‘In him the British tradition merged with the European’, writes Jack Lindsay in his Morris biography (p.381); and this is an important emphasis, given how often we hear that Morris’s work is somehow peculiarly or quintessentially ‘English’. Lindsay is talking about social theory here and stressing Morris’s break beyond Raymond Williams’s local ‘culture and society’ tradition (Coleridge-Carlyle-Ruskin) to Marxism in the 1880s. But we should, I think, be looking for evidence of his European intellectual interests earlier than this, and in other fields too.
In August 1869, for example, Morris wrote to Philip Webb from Bad Ems in Germany announcing that he was reading Carlyle’s translation of Goethe’s Wilhelm Meister, and in mid-1871 Jane Morris offered a more extended Goethe commentary, also in a letter to Webb: ‘I have nearly finished “Elective Affinities”. I think with all due respect to Goethe it is a most unsatisfactory book. What! Is nothing real? Must everything that is delightful change and leave nothing behind. I can’t believe it; one begins by liking his characters very much, then they change, and one can no longer look upon them as real people’ (Letters, p.44). A couple of years later, in 1873, ‘she had told Webb that she was reading Goethe’s Conversations with Eckermann’ (Lindsay, p.198). It is surely highly likely that she discussed both these works with her husband too.

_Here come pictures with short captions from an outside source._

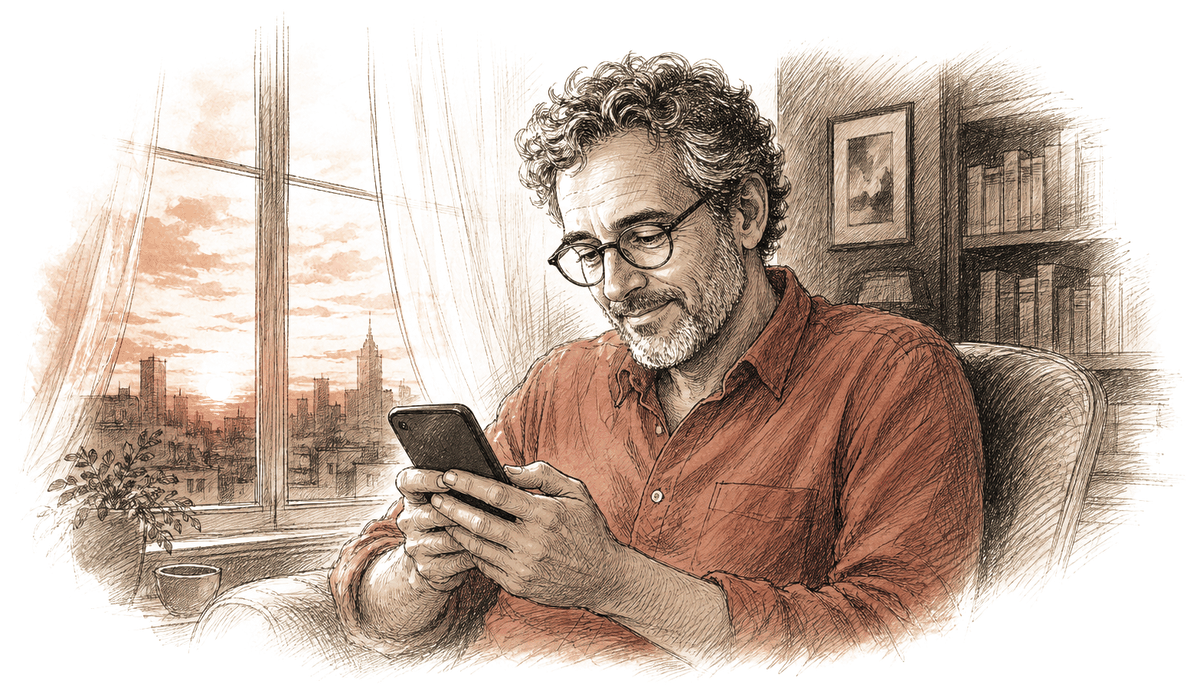 Pen-and-ink illustration: a man in a rust shirt sits at dusk holding a smartphone with a gentle half-smile, warm sunset window light on the left, a darkened study with bookshelves on the right.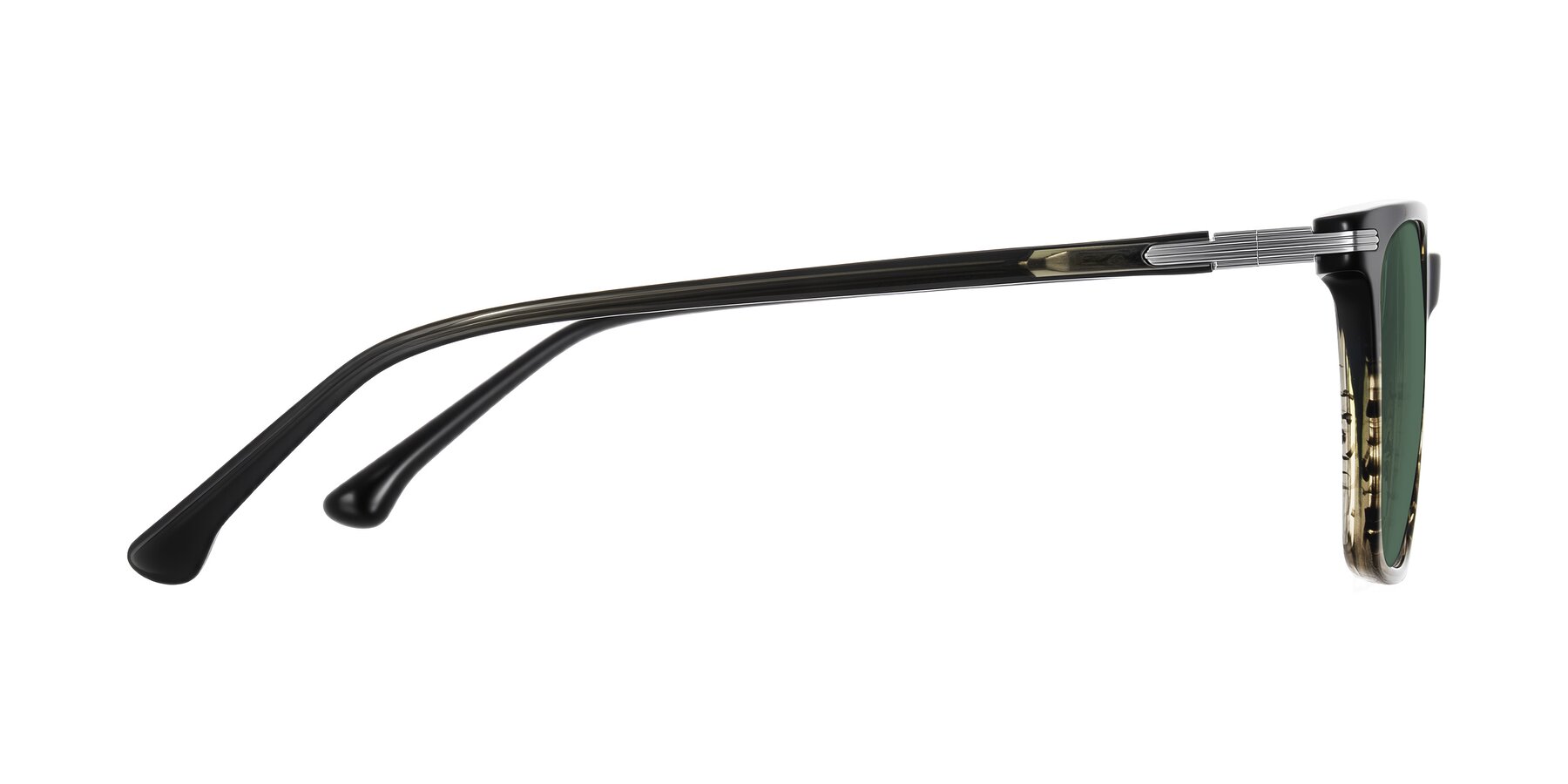 Side of Miyaha in Dark Green Brown Striped with Green Polarized Lenses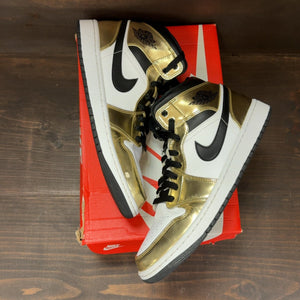 Jordan 1 Mid Metallic Gold Black White Size 10.5 (Pre-Owned) - Image 2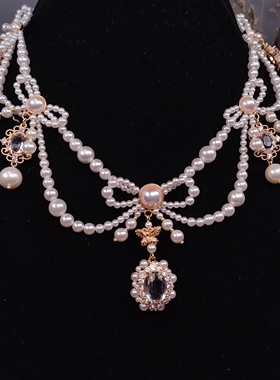 原创珍珠蝴蝶结洛丽塔复古锁骨链项圈仙气多层手作项链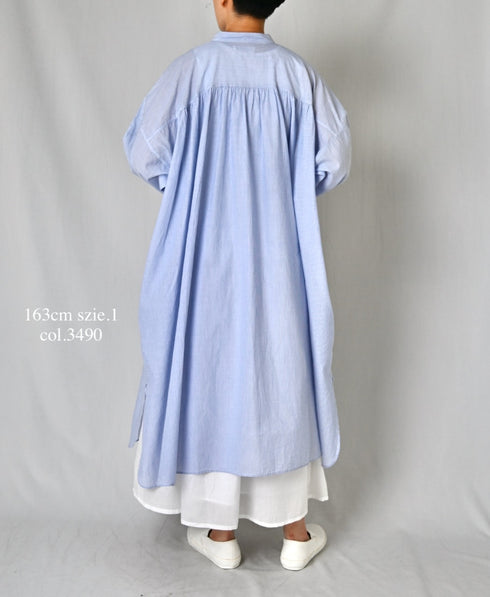 NSL26014 80s COTTON VOILE STRIPE BANDED COLLAR GATHER SHIRT DRESS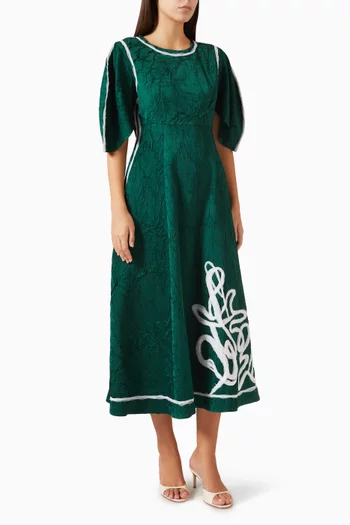 Roselle Midi Dress in Crushed Modal Linen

‘Close thy Byron, open thy Goethe’, as Carlyle famously admonished his parochial contemporaries; and it certainly appears that the Morris family heeded his advice. So I’m inclined to think that Ellen’s most important river journey in News from Nowhere is not that on the Thames with William Guest, but rather that ‘on the Rhine two years ago’ (ch.XXX), where I imagine she was practising her German and reading Goethe, Heine, Freiligrath and others in the original.